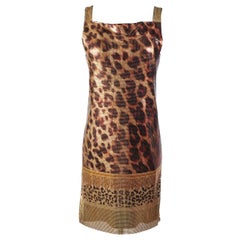 Neu Versace Versus Metall Mesh Animal Print Kleid 38 - 2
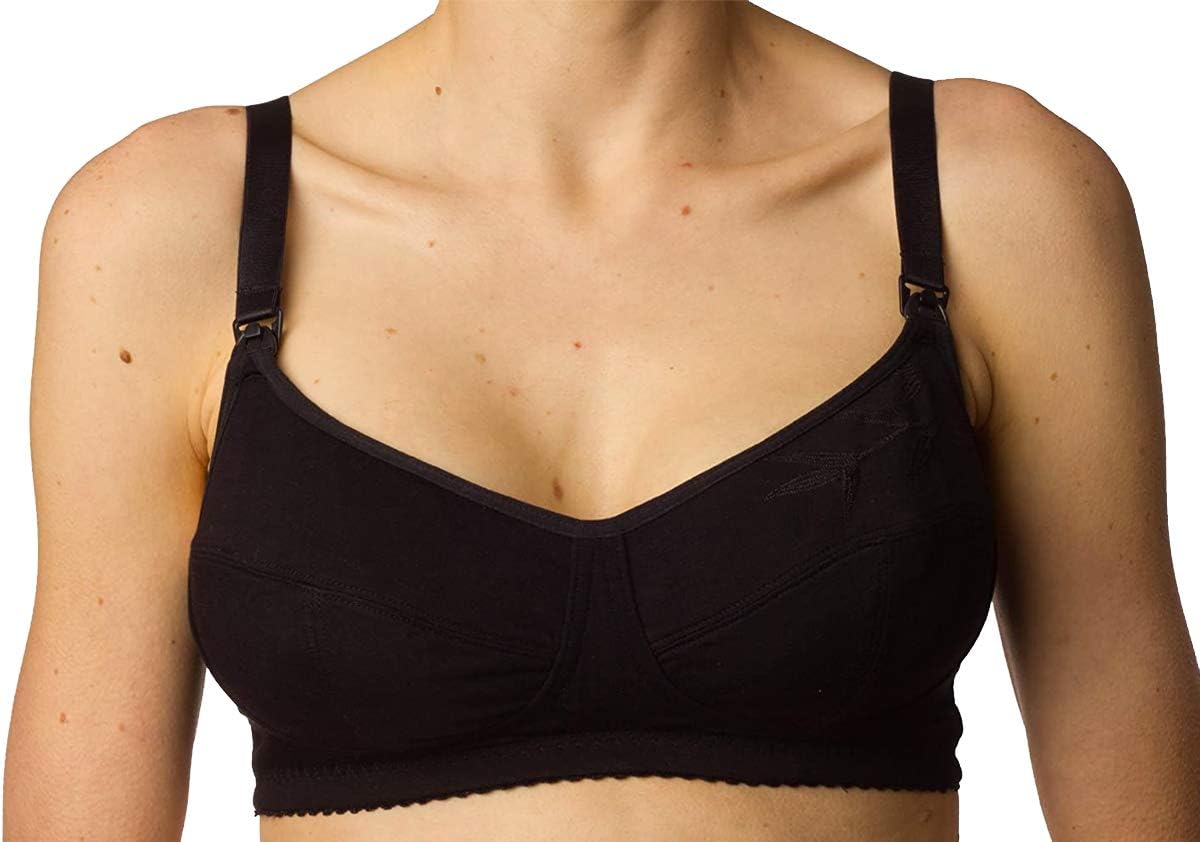 Womama Bamboo Evolve 3/4-Cup Nursing Bra, Black, Size 32F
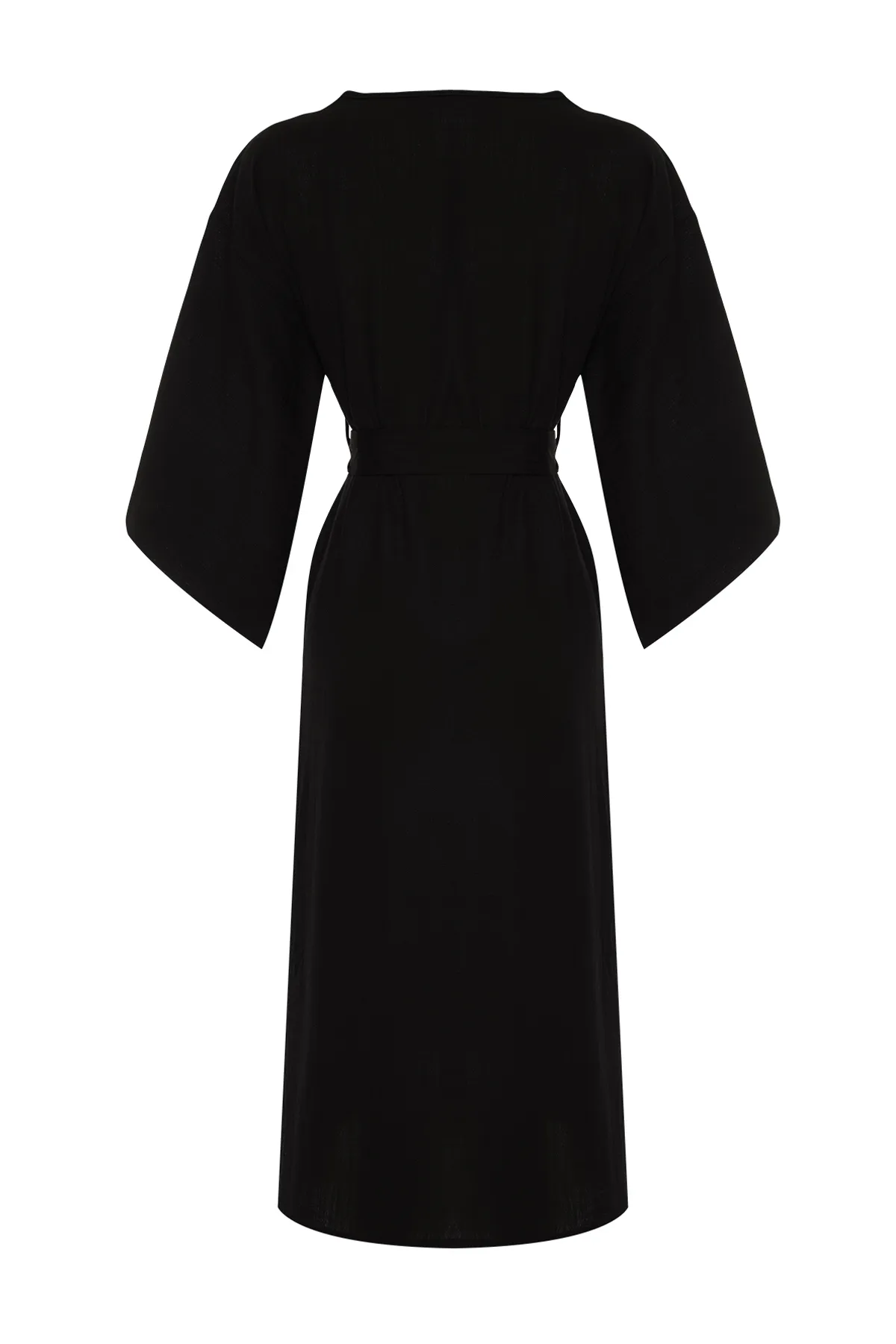 Trendyol Collection  Schwarzer Maxi-Kimono und Kaftan in gewebter Leinenoptik mit Gürtel TBESS23KM00058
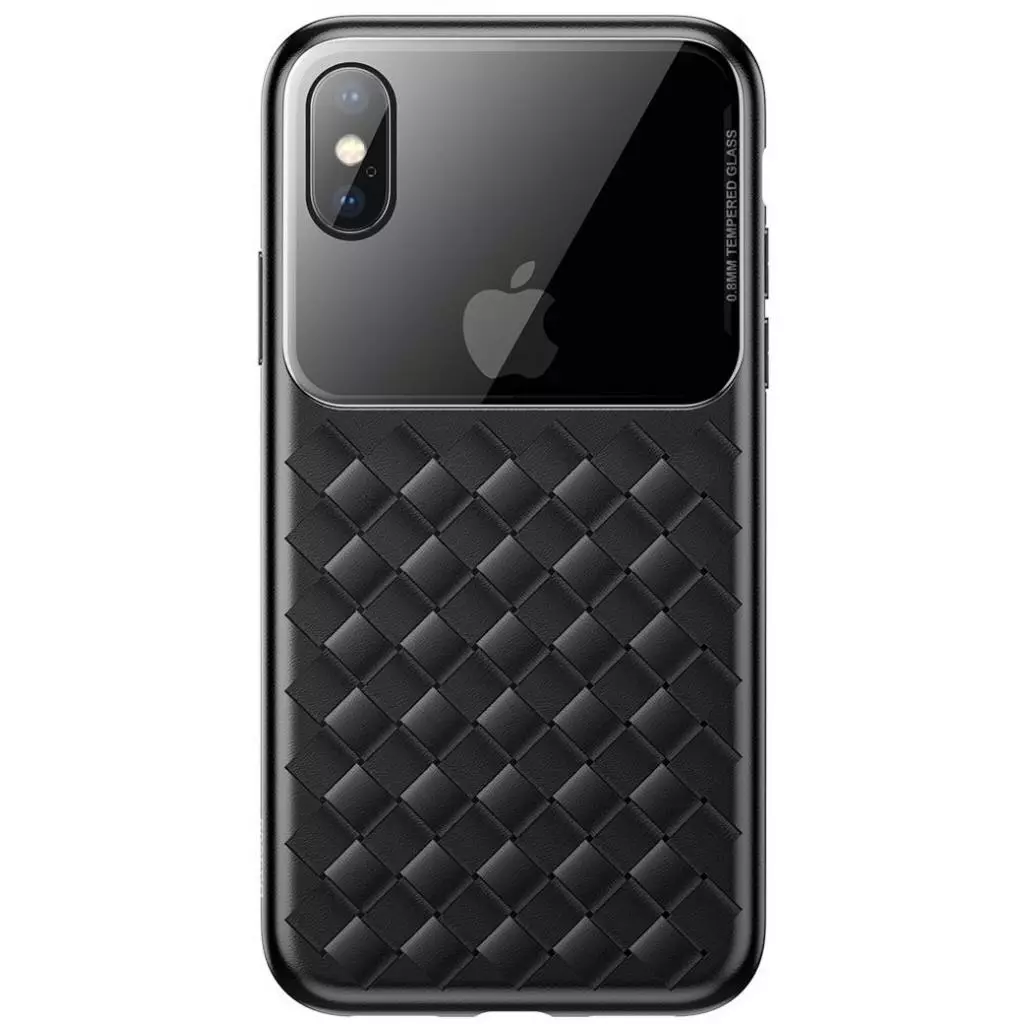 Чехол для моб. телефона Baseus iPhone XS Glass & Weaving, Black (WIAPIPH58-BL01)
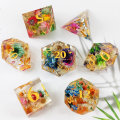 Miniatyrbild 5 av 5: 1/2/3/5 7x polyedriska tärningar Set Transparent Flower Graved Game 1Set
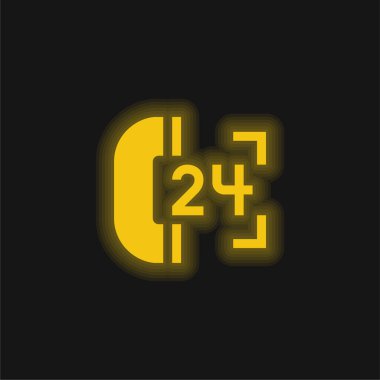 24 Saat Destekleyici Sarı Parlak Neon simgesi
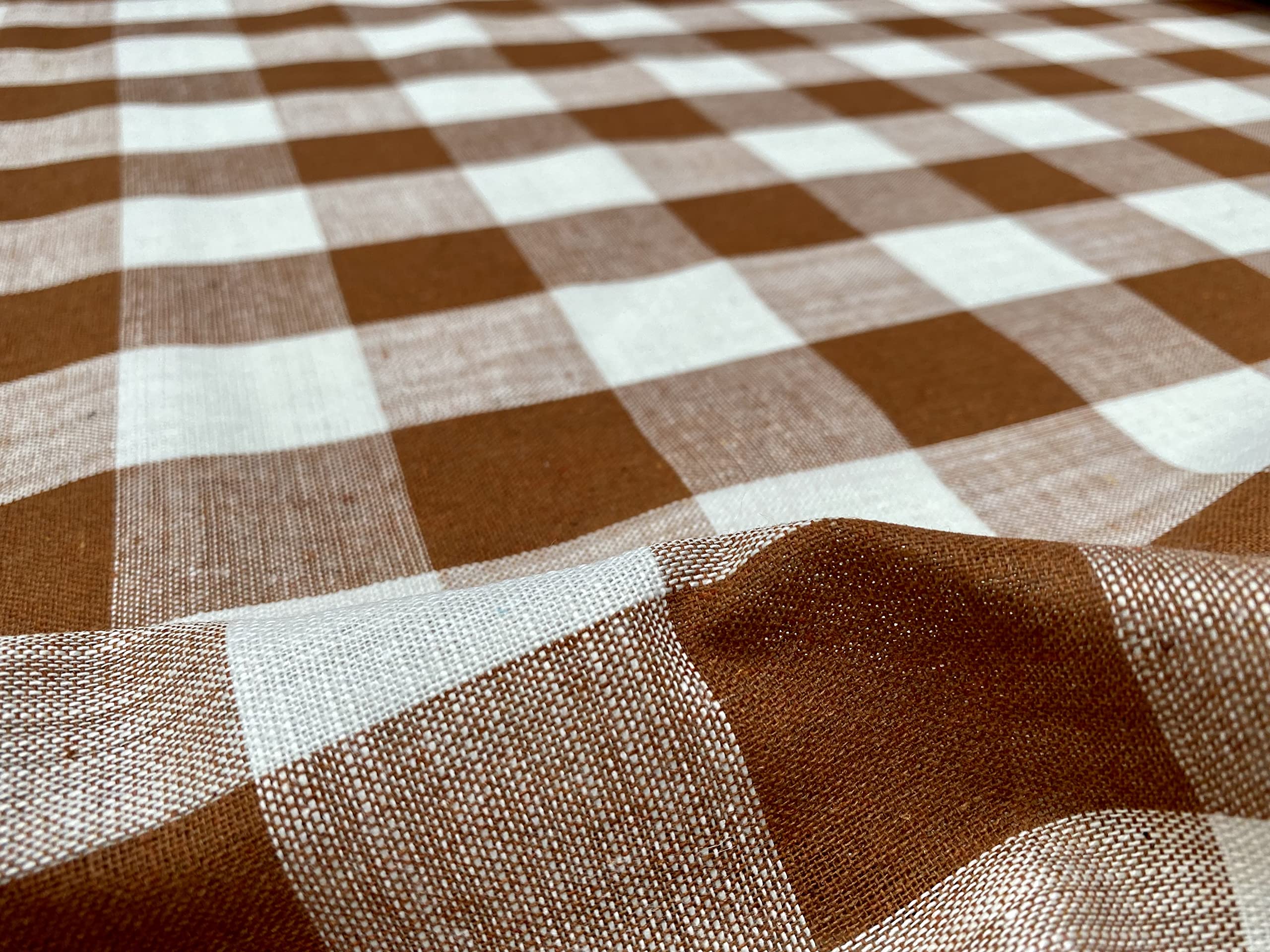 Gingham Linen Checked Fabric Check Material Buffalo Plaid - Dressmaking, Curtains, Home Furnishing - 140cm Wide (Light Brown & White, 2 METRES)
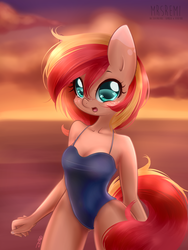 Size: 1600x2127 | Tagged: safe, artist:mrsremi, oc, oc only, anthro, clothes, one-piece swimsuit, solo, sunset, swimsuit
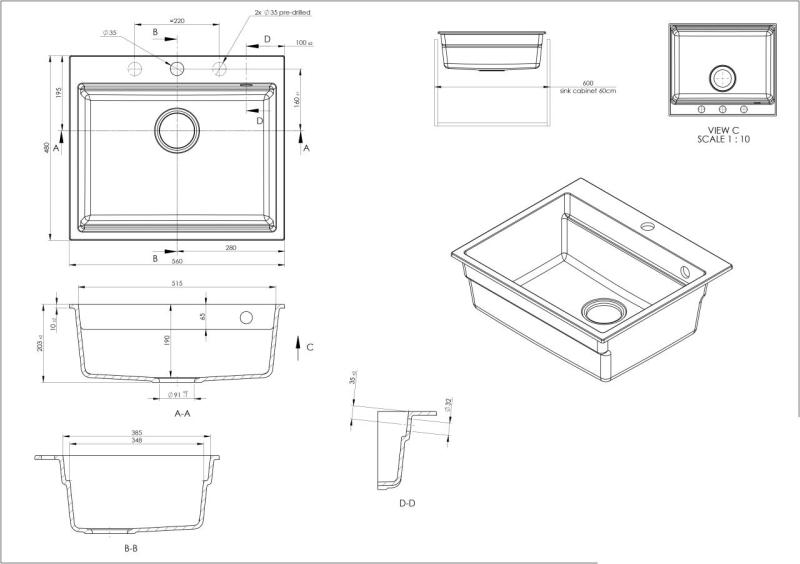GraniteMy Steam granitdiskbänk 56x48 cm svart ovanpåliggande med svart plugg inklusive tillbehör 1208967233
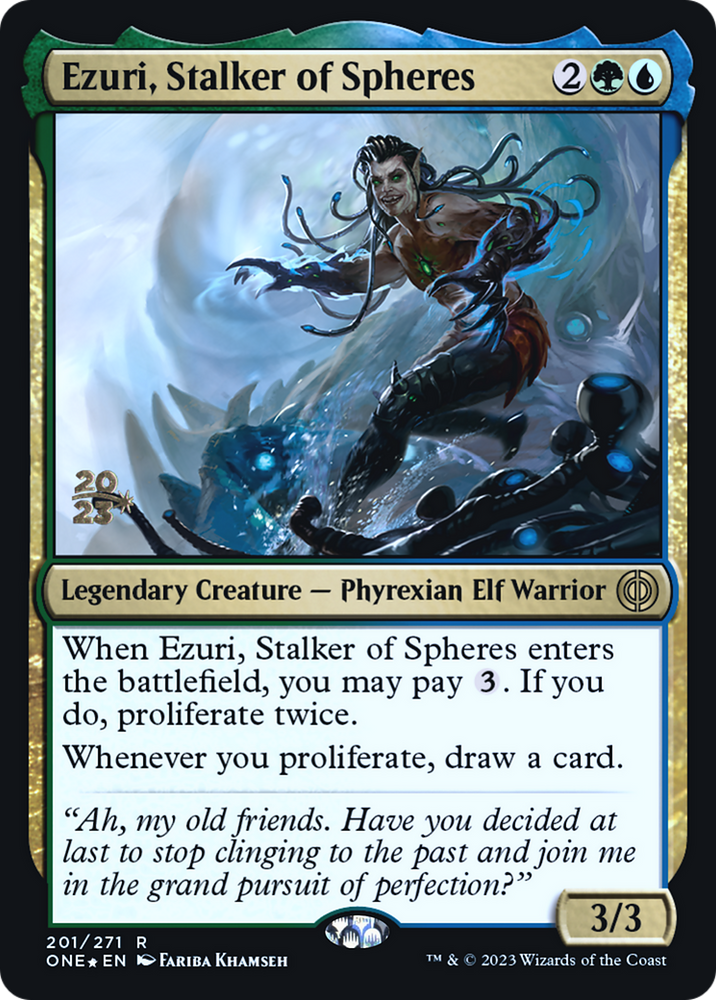 Ezuri, Stalker of Spheres [Phyrexia: All Will Be One Prerelease Promos] Magic: The Gathering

> **What the task asks**:
The response should hold only an exact retyping of the lines from the beginning of the data through the line containing "Чехол для моб.", both ends kept, pictures omitted.

> **Result for this exercise**:
 Neu Versace Versus Metall Mesh Animal Print Kleid 38 - 2
 Womama Bamboo Evolve 3/4-Cup Nursing Bra, Black, Size 32F
 Trendyol Collection  Schwarzer Maxi-Kimono und Kaftan in gewebter Leinenoptik mit Gürtel TBESS23KM00058
 Чехол для моб. телефона Baseus iPhone XS Glass & Weaving, Black (WIAPIPH58-BL01)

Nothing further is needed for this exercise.